### WHAT TO DO
Copy the records below exactly, starting at the line that contains "dearcloud Daily Glow" and ending at the line that contains "On Sale Summer"; leave out any pictures.

--- LISTED ENTRIES Enclosed Below ---

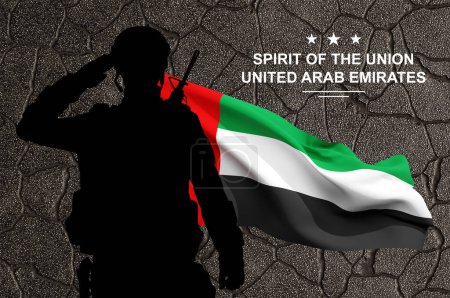 Foto de Silueta de saludo soldado con la bandera de los EAU. Fuerzas armadas de los Emiratos Árabes Unidos. Concepto para el Día de la Conmemoración, Día de los Mártires, Día Nacional. 3d-renderizado - Imagen libre de derechos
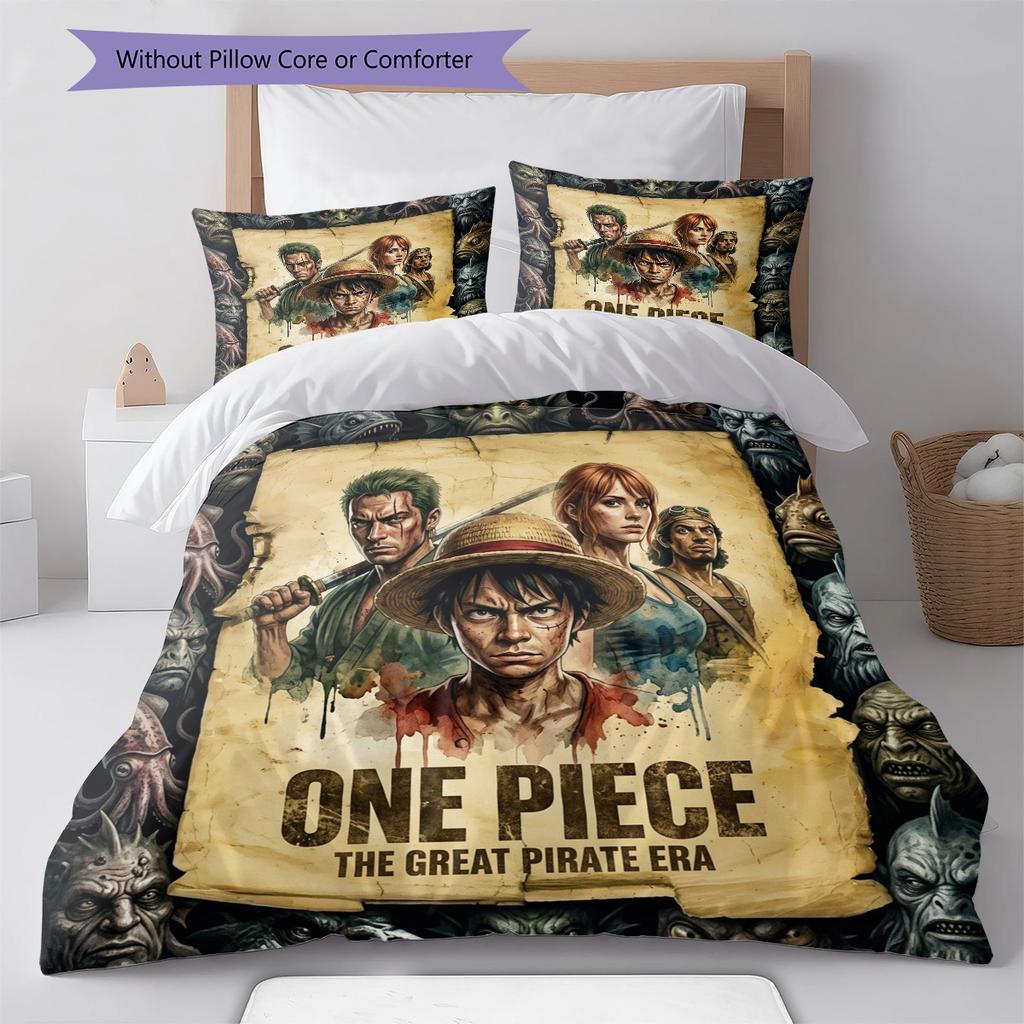 One Piece Art Pattern Bedding Quilt Set Quilt Cover Pillowcase Home Birthday Gift(1 * Duvet Cover + 2 * Pillowcase, Without Core)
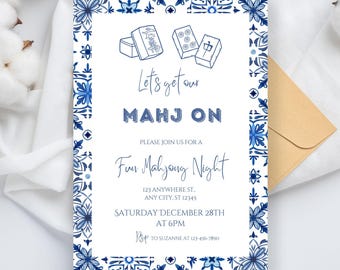 Mahjong Night Invitation: Elegant Blue Tile Design (Editable Template Canva)
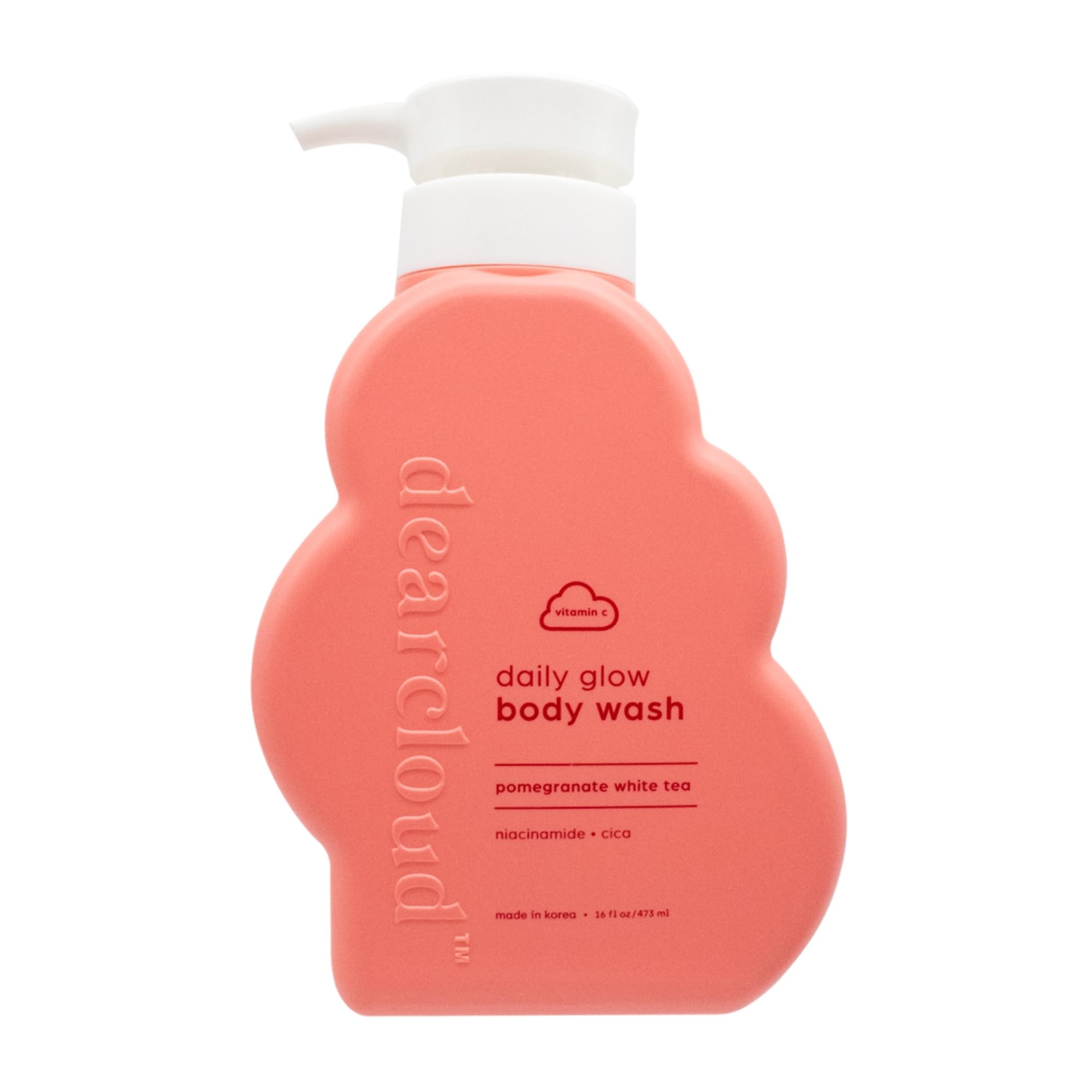 dearcloud Daily Glow Body Wash - Pomegranate White Tea - Niacinamide, Cica & Vitamin C - Exfoliating Body Wash & Bath Soap for W
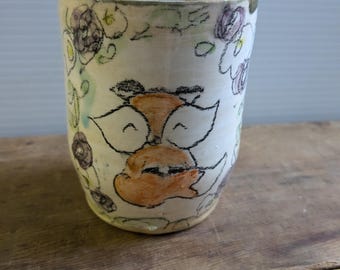 Handmade Fox Ceramic Cup, Floral Woodland Design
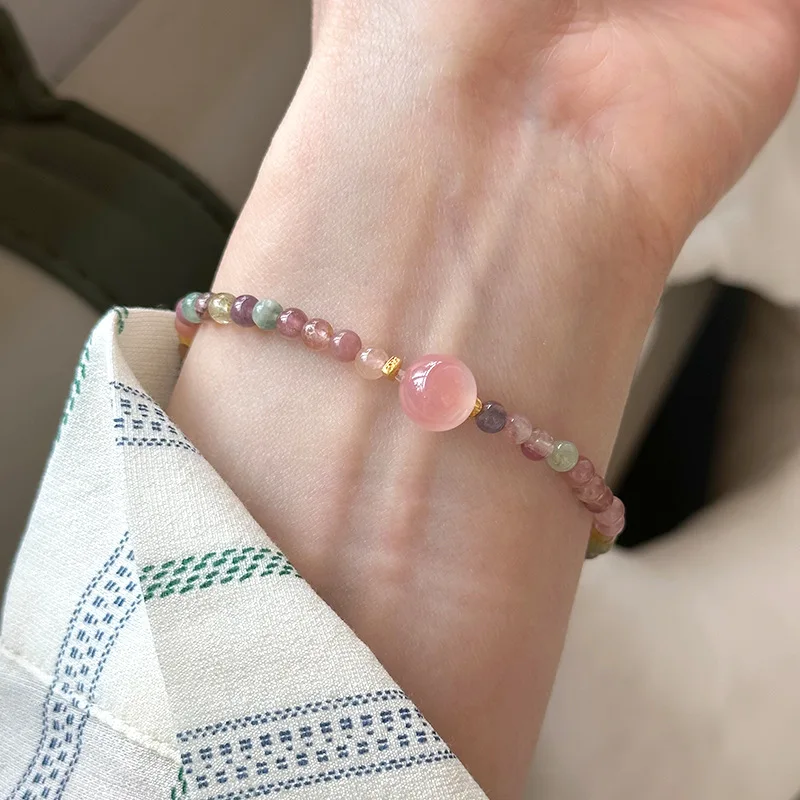 

Chinese style tourmaline bracelet 925 sterling silver handmade bracelet female elastic rope adjustable size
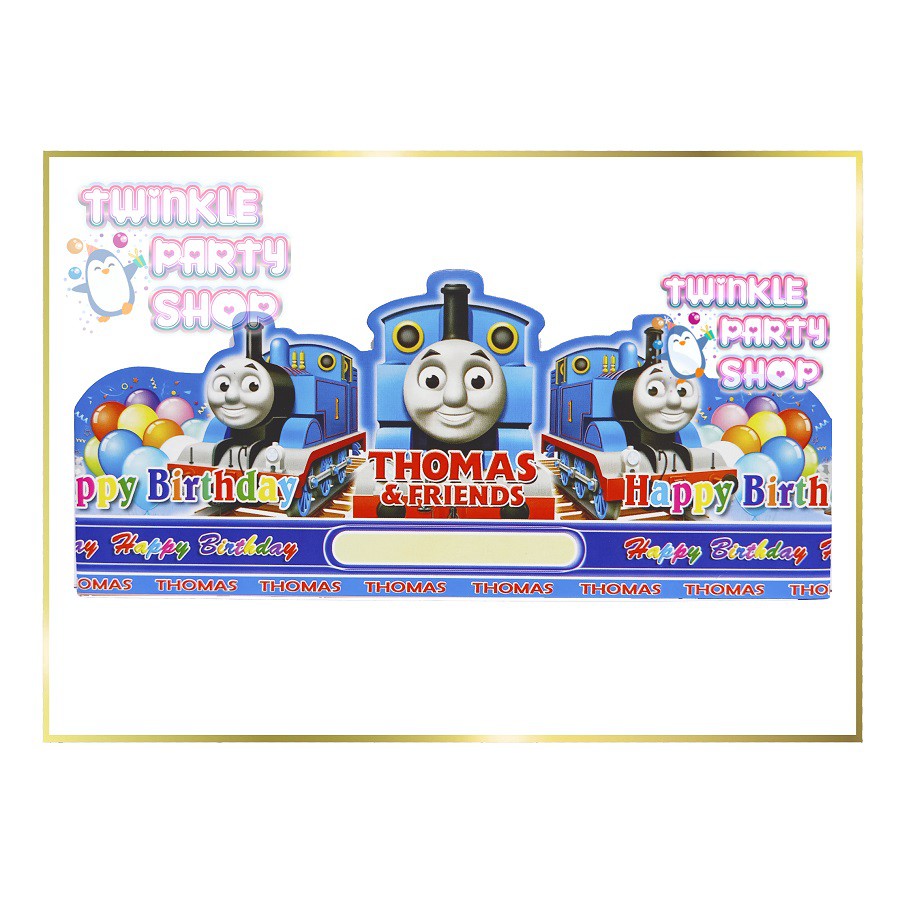 Topi Ultah Thomas/ Topi Pesta Lingkar Karakter Thomas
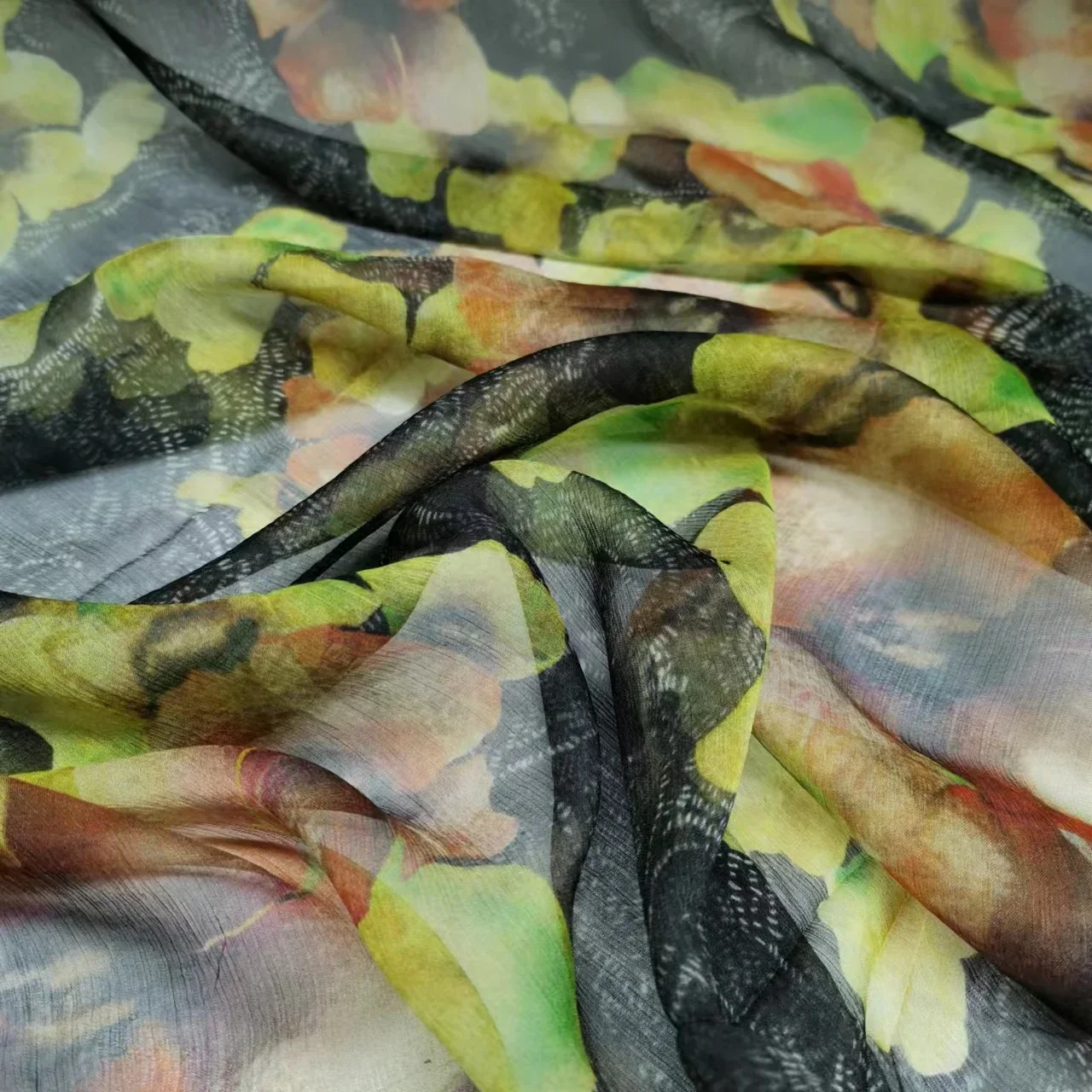 On Sale Summer Pure Silk Crepe Soft Big Flower Breathable DIY Tissue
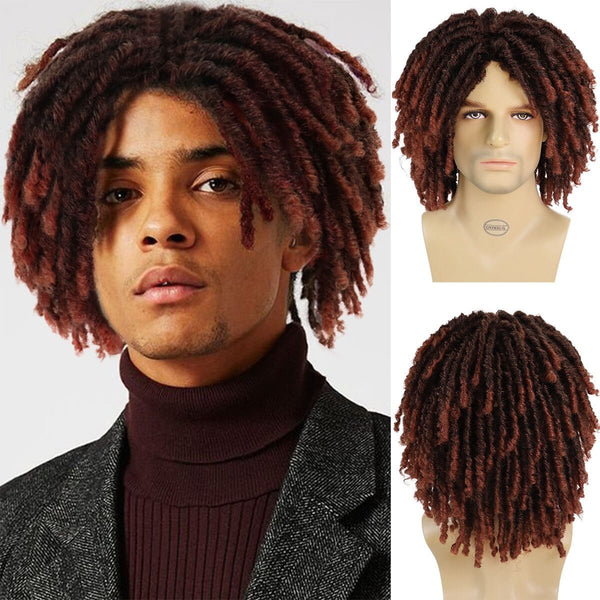 Stylonic Fashion Boutique Synthetic Wig Ombre Auburn / 10inches Men's Twist Hair Dreadlocks Wig Men's Wigs | Men's Twist Hair Dreadlocks Wig - Stylonic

--- End of Enclosed LISTED ENTRIES ---

### EXERCISE RESPONSE
 dearcloud Daily Glow Body Wash - Pomegranate White Tea - Niacinamide, Cica & Vitamin C - Exfoliating Body Wash & Bath Soap for W
 Handmade Fox Ceramic Cup, Floral Woodland Design

Chinese style tourmaline bracelet 925 sterling silver handmade bracelet female elastic rope adjustable size
 Topi Ultah Thomas/ Topi Pesta Lingkar Karakter Thomas
 On Sale Summer Pure Silk Crepe Soft Big Flower Breathable DIY Tissue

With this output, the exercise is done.